I clearly have the attention span of your median fruit fly.Look! Airplane!

Sorry. I’m back.

It’s both a curse and a blessing. I’ve never bought this stuff about, “He who dies with the most toys wins.” But I do think that a wide range of life experiences helps us grow as people, and helps us better relate to other people. I’ve been fortunate. And I am beyond grateful.

I show up on time. I go like hell. I’m a good listener. I hold myself accountable. I own my mistakes. And I have a natural and an insatiable curiosity. I’m never afraid to say, “I don’t know,” when I don’t. But then I try to find out.

The flip side is I’m a lousy ballroom dancer and my clothes sometimes fit me funny.

Stuff matters to me. I care. But while I take that stuff seriously, I try hard to never take myself seriously. As a result, I have sometimes been told, “Paul, it’s hard to tell when you’re serious and when you’re just having some fun. Which is it? Serious or fun?”

My answer is “yes.” But I think that is a legitimate criticism. I promise I’m going to work on that.
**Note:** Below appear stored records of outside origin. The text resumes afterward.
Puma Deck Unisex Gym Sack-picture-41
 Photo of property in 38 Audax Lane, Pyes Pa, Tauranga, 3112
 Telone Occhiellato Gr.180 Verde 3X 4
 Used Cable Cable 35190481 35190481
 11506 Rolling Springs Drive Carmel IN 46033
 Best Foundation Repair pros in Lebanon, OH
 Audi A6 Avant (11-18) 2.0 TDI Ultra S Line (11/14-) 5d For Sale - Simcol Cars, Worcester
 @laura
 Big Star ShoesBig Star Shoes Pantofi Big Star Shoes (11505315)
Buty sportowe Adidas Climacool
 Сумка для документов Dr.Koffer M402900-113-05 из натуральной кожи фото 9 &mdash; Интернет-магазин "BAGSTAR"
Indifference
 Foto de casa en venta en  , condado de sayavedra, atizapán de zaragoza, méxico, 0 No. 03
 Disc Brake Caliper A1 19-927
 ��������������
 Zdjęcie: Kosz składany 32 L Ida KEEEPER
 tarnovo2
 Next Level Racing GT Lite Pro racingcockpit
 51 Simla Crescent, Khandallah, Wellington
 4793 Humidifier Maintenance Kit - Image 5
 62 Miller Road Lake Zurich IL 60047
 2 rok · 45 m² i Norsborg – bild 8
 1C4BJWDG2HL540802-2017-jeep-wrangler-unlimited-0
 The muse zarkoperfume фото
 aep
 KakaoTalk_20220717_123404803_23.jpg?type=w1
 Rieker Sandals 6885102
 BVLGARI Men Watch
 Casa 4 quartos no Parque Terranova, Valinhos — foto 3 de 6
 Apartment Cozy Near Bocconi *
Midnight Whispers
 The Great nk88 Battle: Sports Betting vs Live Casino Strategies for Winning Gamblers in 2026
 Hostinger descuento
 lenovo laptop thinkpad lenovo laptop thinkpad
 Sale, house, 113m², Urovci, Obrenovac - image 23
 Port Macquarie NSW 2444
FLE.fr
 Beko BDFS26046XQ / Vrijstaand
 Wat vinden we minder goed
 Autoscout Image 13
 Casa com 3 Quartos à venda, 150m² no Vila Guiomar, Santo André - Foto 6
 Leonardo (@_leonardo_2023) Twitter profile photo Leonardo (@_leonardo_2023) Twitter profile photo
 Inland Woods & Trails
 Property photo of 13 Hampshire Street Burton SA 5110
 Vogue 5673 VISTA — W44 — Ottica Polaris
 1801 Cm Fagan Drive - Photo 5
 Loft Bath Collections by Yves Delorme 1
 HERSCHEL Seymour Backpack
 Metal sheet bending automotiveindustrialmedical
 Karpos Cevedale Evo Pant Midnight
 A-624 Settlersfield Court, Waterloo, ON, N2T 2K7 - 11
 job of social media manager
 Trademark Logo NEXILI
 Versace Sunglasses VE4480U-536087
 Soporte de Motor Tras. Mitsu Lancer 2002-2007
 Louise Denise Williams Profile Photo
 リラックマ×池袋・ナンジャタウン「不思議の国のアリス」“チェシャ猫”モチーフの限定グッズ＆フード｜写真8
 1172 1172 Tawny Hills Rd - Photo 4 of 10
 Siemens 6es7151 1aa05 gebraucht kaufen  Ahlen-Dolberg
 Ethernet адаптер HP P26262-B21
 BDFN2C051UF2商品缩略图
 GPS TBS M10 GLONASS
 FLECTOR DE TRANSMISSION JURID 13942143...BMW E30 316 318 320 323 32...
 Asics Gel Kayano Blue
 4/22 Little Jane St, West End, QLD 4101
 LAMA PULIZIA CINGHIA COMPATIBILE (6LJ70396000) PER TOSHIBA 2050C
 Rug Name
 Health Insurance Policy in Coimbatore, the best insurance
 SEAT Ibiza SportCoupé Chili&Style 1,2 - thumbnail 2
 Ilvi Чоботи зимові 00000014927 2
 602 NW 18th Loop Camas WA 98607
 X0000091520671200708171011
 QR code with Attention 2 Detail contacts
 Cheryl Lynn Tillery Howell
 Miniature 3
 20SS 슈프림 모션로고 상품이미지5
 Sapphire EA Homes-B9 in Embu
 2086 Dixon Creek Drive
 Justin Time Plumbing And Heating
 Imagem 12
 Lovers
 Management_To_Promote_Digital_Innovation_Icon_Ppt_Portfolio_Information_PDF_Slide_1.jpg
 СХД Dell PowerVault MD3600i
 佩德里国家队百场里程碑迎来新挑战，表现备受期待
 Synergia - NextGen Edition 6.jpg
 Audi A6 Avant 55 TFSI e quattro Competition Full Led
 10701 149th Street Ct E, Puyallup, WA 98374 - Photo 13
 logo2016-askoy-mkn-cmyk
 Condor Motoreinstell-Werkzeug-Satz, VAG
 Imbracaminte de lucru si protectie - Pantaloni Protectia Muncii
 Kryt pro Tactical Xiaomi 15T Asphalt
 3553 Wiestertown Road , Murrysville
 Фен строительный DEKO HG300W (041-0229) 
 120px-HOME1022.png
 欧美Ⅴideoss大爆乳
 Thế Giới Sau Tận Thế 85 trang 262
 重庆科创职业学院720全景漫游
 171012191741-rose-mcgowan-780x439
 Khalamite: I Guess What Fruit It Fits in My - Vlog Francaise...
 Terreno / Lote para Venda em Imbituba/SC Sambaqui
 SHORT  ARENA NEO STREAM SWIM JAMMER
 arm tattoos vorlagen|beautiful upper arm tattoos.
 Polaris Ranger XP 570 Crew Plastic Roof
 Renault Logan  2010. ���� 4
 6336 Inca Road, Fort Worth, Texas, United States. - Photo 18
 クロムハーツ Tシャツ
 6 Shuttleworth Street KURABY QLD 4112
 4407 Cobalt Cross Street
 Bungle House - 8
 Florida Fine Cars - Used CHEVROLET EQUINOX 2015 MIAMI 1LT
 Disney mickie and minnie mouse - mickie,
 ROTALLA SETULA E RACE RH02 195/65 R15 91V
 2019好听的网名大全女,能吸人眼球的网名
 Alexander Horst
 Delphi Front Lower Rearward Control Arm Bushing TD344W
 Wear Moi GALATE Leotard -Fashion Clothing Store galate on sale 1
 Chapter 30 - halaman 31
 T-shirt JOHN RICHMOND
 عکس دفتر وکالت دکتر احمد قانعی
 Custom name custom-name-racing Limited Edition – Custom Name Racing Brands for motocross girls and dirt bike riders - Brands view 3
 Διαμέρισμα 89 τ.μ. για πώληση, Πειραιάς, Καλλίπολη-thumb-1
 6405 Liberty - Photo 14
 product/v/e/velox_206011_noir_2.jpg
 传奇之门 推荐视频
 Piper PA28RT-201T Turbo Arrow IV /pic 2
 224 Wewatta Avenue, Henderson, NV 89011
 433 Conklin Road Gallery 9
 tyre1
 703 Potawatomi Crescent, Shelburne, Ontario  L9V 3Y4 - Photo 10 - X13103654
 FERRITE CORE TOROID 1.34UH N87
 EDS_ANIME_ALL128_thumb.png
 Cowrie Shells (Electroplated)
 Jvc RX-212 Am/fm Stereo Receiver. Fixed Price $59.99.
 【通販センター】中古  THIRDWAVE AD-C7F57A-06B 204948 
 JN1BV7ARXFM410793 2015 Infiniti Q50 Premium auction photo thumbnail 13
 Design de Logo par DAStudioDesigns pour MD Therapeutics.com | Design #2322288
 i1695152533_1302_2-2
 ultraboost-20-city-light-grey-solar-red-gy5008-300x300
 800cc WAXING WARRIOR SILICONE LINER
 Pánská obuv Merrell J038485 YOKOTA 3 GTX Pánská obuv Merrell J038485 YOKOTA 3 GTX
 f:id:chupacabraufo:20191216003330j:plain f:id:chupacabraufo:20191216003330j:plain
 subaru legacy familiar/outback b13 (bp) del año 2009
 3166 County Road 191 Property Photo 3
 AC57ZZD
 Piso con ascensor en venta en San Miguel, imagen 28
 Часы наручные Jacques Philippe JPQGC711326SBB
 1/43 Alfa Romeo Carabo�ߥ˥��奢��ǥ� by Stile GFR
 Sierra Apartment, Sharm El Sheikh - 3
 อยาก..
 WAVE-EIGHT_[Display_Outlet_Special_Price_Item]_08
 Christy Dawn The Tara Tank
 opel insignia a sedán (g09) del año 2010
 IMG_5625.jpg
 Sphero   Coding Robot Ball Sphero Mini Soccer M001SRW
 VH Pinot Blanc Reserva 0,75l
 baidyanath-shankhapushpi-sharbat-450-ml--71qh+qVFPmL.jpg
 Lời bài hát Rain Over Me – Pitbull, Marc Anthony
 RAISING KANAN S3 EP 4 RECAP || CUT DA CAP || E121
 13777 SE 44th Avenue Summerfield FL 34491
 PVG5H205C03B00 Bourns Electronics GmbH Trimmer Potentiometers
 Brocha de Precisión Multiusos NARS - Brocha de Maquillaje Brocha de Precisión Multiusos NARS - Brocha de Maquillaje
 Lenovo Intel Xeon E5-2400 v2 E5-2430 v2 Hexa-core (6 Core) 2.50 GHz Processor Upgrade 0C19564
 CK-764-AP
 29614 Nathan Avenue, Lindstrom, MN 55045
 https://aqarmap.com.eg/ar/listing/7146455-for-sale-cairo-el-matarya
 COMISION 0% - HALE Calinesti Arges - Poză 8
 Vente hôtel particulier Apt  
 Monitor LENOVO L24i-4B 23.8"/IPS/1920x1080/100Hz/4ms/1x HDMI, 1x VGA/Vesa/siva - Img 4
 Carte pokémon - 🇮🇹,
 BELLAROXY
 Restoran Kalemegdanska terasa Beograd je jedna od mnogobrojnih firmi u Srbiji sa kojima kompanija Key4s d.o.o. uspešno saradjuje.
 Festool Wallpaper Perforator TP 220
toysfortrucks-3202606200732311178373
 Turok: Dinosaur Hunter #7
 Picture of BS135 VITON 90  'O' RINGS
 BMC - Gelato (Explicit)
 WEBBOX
This has been the quickest and strangest half-century I’ve ever experienced. During that period, I’ve been afforded amazing opportunities in news and sports journalism across all platforms. I have taught wonderful students at the high school and collegiate level. Always, I learned more from them than they did from me. I’ve been a high school administrator. I spent ten seasons as a high school varsity football coach. I’ve been an advertising executive. I’ve hosted nationally syndicated television entertainment shows. In maybe the biggest honor I ever received, I was selected by NASA to be “Chet The Astronaut” for the “Land The Shuttle” simulator at Space Center Houston. (All I can say there, is “Do as I say, not as I do.” I put that thing in the Everglades more often than not.) Most recently, I just wrapped up a decade as a television news director, during which time our teams distinguished themselves in holding the powerful accountable, achieving both critical and ratings success.

What does all that mean? It means I am profoundly grateful. It also means I’m ready for “next.” So here we are. Radically Rational. It’s an idea I woke up with in 2017. I scribbled “Radically Rational” on a piece of notebook paper and used a magnet to stick it on our refrigerator. I saw it every day, and it just would not leave me alone.

I am second in charge at Radically Rational, LLC. My wife, Jo (also known as BB), is the president. Clearly, I have failed in my attempt to sleep my way to the top of this organization.

I hope you will learn that I’m loyal as a Labrador. But I will admit that this doggie can bite every now and then. My promise to you? I will show up on time. I will go like hell. I will listen to you earnestly and attentively. I will hold myself accountable. I will never be the least bit hesitant to say, “I don’t know,” when I don’t.

But then I’ll try to find out. Let’s do it.